How to use HDD on the Grid with Zdbfs

scott · February 14, 2023, 1:33am

We have some interest lately around using hard disks (HDD) on the Grid in a simple way to store some data, without the added complexity of the Quantum Safe Filesystem. Currently, the only way HDD can be reserved on the Grid is in the form of a “Zero Database” or zdb. It turns out there is a simpler way to write files into a zdb, effectively using a subset of the QSFS stack.

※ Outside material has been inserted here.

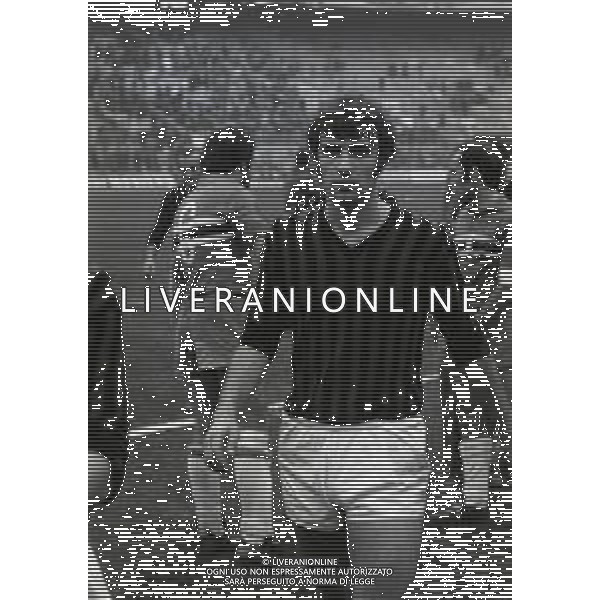 1970 RETROSPETTIVA PIERO PRATI CALCIATORE NELLA FOTO PIERO PRATI CON LA MAGLIA DEL MILAN AG ALDO LIVERANI SAS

For this tutorial, we’ll use Terraform to reserve some Zdb space, since that’s not currently possible in the playground, and then we’ll mount a zdbfs within a VM using that Zdb to store the data. I’ll deploy the VM within the same Terraform file, but this isn’t necessary. You can deploy the VM independently, and it can actually be on a separate node from the zdb. Of course, the best performance will come from uniting them on one node.

The Terraform Deployment

Let’s start with an example main.tf file for Terraform:

terraform {
  required_providers {
    grid = {
      source = "threefoldtech/grid"
    }
  }
}

provider "grid" {
  mnemonics = "YOUR WORDS HERE"
  network = "main"
}

resource "grid_network" "net1" {
    nodes = [11]
    ip_range = "10.1.0.0/16"
    name = "network"
    description = "my network"
}

resource "grid_deployment" "d1" {
  node = 11
  network_name = grid_network.net1.name

  zdbs {
    name = "zdb"
    description = "zdb"
    password = "PASSWORD"
    size = 10 # Data size in GB
    mode = "seq" 
  }

  vms {
    name = "vm1"
    flist = "https://hub.grid.tf/tf-official-apps/base-ubuntu:latest.flist"
    cpu = 1
    publicip = false
    memory = 512
    rootfs_size = 500
    entrypoint = "/sbin/zinit init"
    env_vars = {
      SSH_KEY = "YOUR PUBLIC SSH KEY"
    }
    planetary = true
  }
}

output "zdb_ip" {
  value = grid_deployment.d1.zdbs[0].ips[0]
}

output "zdb_ns" {
  value = grid_deployment.d1.zdbs[0].namespace
}

output "zdb_port" {
  value = grid_deployment.d1.zdbs[0].port
}

output "ygg_ip" {
    value = grid_deployment.d1.vms[0].ygg_ip
}

Replace the mnemonics, public SSH key, and password with your own info. Using a strong password is probably a good idea here, because the zdb is accessible over the network. The VM specs here are very minimal for demonstration purposes but is probably adequate to run a basic backup server—adjust according to your needs, including Wireguard or public IP access if you need it.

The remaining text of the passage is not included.